On a peu de détails sur l’enfance et l’adolescence d’Alix; elle grandit " en beauté et en sagesse" entre des parents qui la chérissent.
Elle est décrite comme une jeune fille sympathique, douce et modeste. Elle a, dit-on, " l’esprit sain et le jugement bon ". On envie son physique, son charme naturel et son air distingué.
Vers seize ou dix-sept ans, Alix aime le monde, elle fréquente assidûment, en compagnie de jeunes gens, toutes les fêtes mondaines des alentours. Ce sont les danses, les rires et les plaisirs futiles qui l’attirent, et non pas la vie religieuse.

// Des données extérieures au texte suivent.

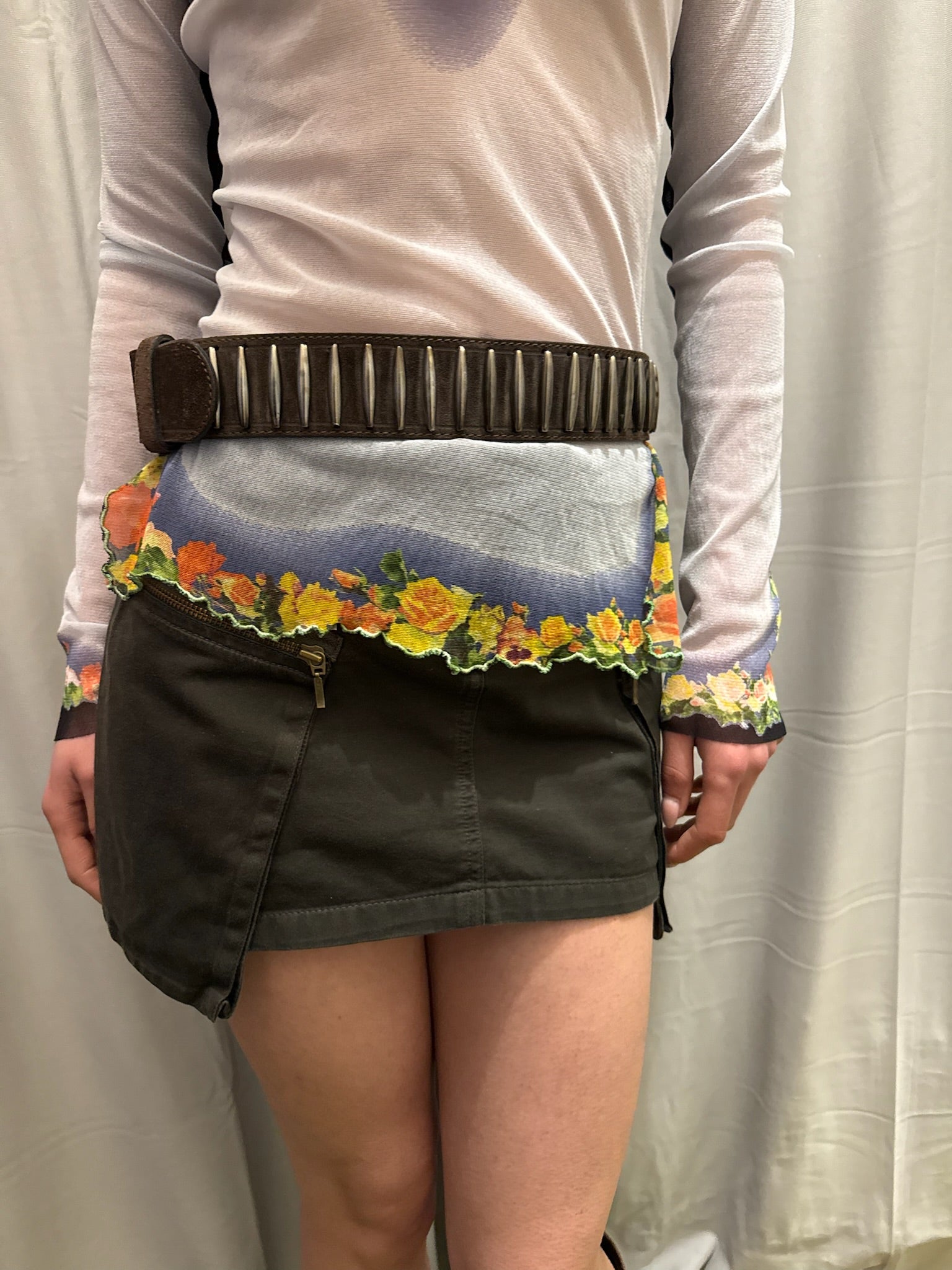 Vintage Jean Paul Gaultier Mesh Top Circa Early 00's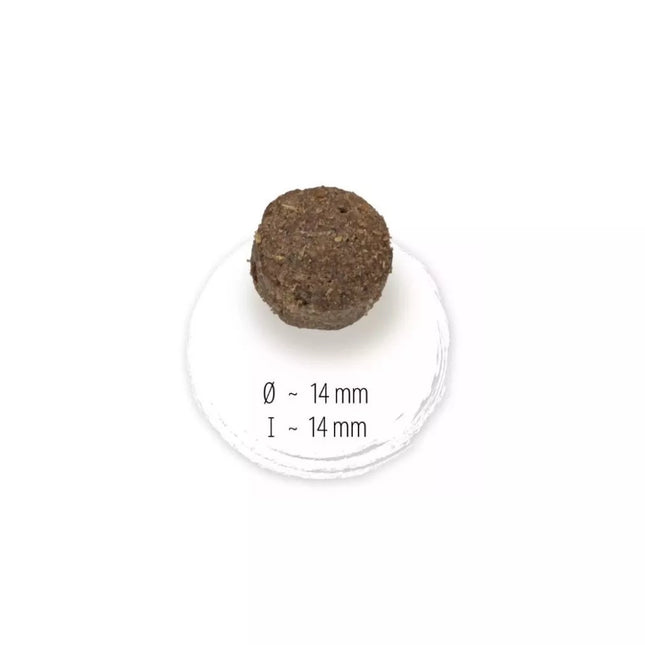 Happy Dog NaturCroq Rind&Reis visavertis pašaras suaugusiems šunims su jautiena ir ryžiais, 1 kg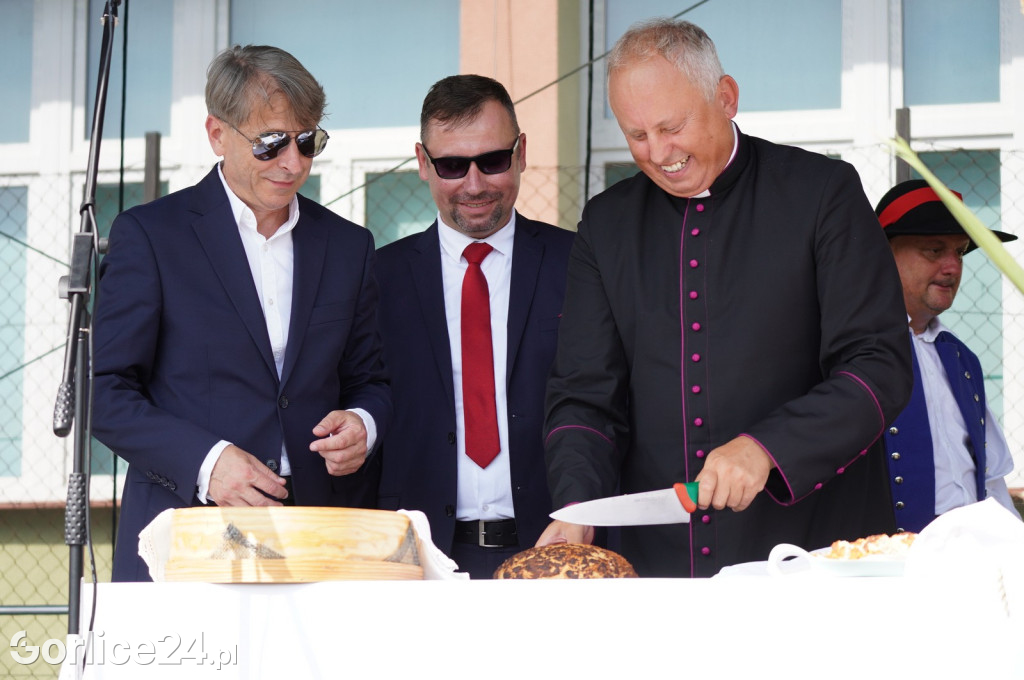Dożynki Gminy Biecz w Strzeszynie (27.08.)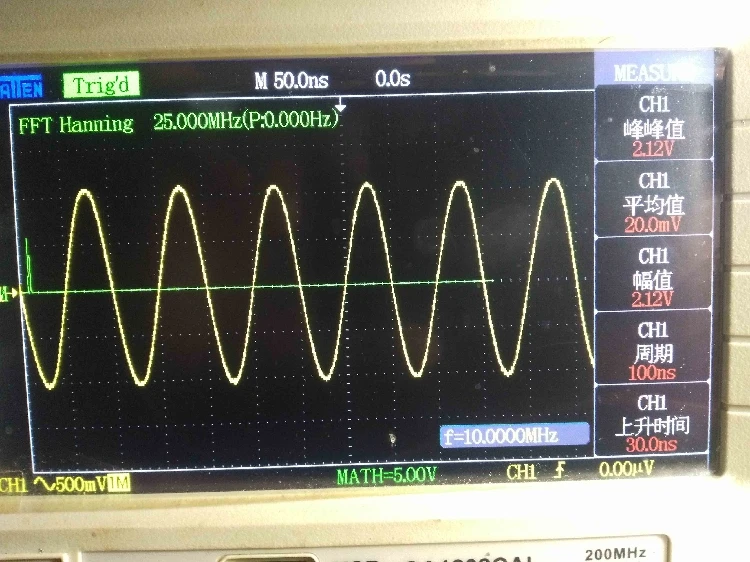 AD9834 частота уборочная машина-40 V2.02A, емкость индуктивности тестер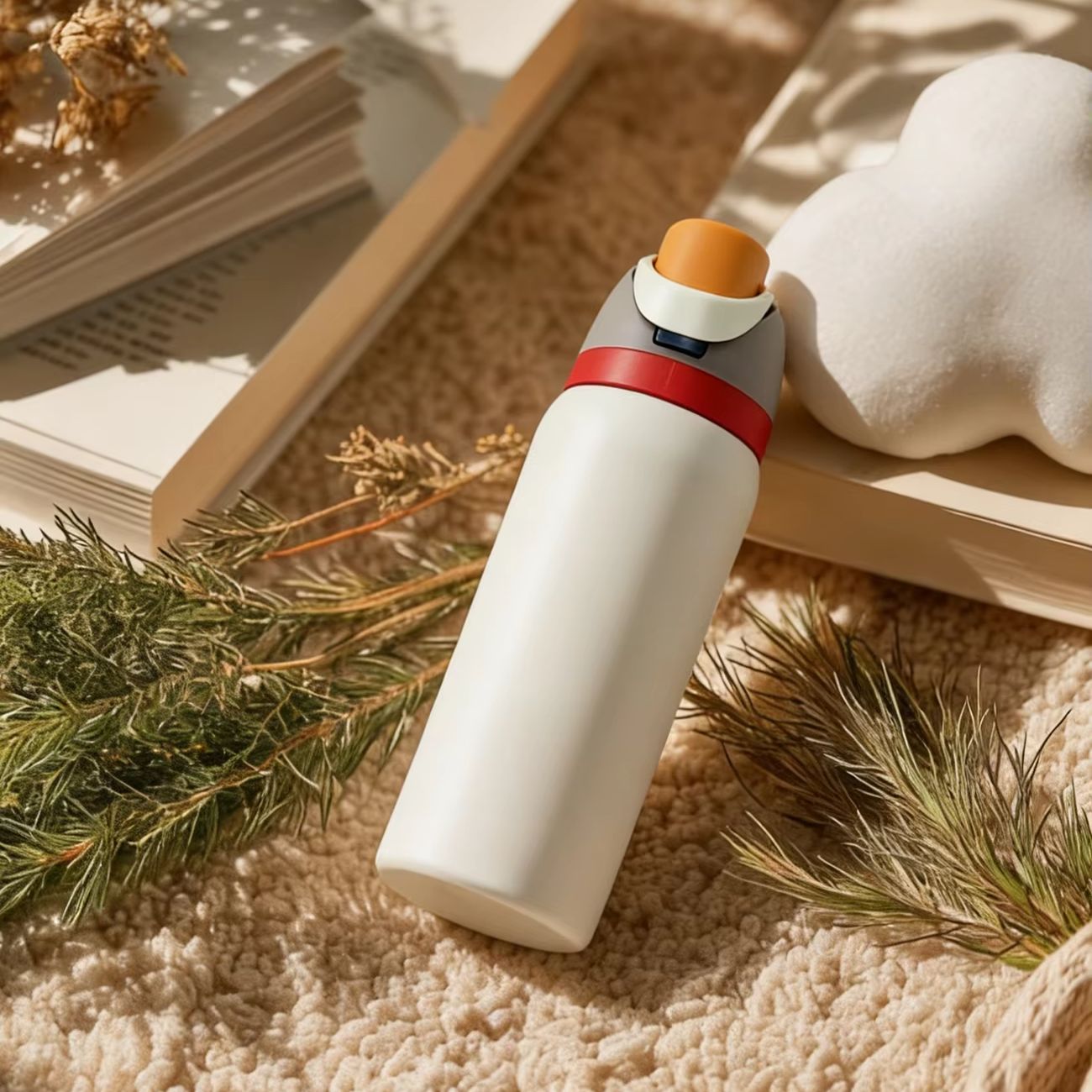 Owalaa creamy white 32oz/945ml – Smart Water Bottle Tracker recenzja i cena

À cette époque, elle se contente de quelques prières et d’une attention distraite aux offices.
La vocation
Mais la lecture d’un ouvrage sur la confession va brutalement bouleverser sa vie et éveiller sa vocation. Rien ne sera plus comme avant.
En 1595, pour hâter la convalescence de Jean le Clerc, la famille déménage et s’installe à Hymont. Ce village, calme et champêtre se situe à une demi-lieue de Mattaincourt où Alix se rend à l'église pour les offices religieux.
La rencontre de Pierre Fourier
Le 1er juin 1597, un nouveau curé a été nommé à Mattaincourt, c’est Pierre Fourier.
Avant même de le rencontrer, Alix, troublée par des rêves et des appels de Dieu, décide de changer radicalement de vie. Elle fait vœu de chasteté, elle se retranche du monde, elle porte désormais un vêtement grossier et un voile blanc, elle passe pour folle, ses parents sont désemparés.
Elle rencontre alors le Père Fourier à qui elle fait part de son désarroi d’avoir depuis le début de sa vie offensé Dieu.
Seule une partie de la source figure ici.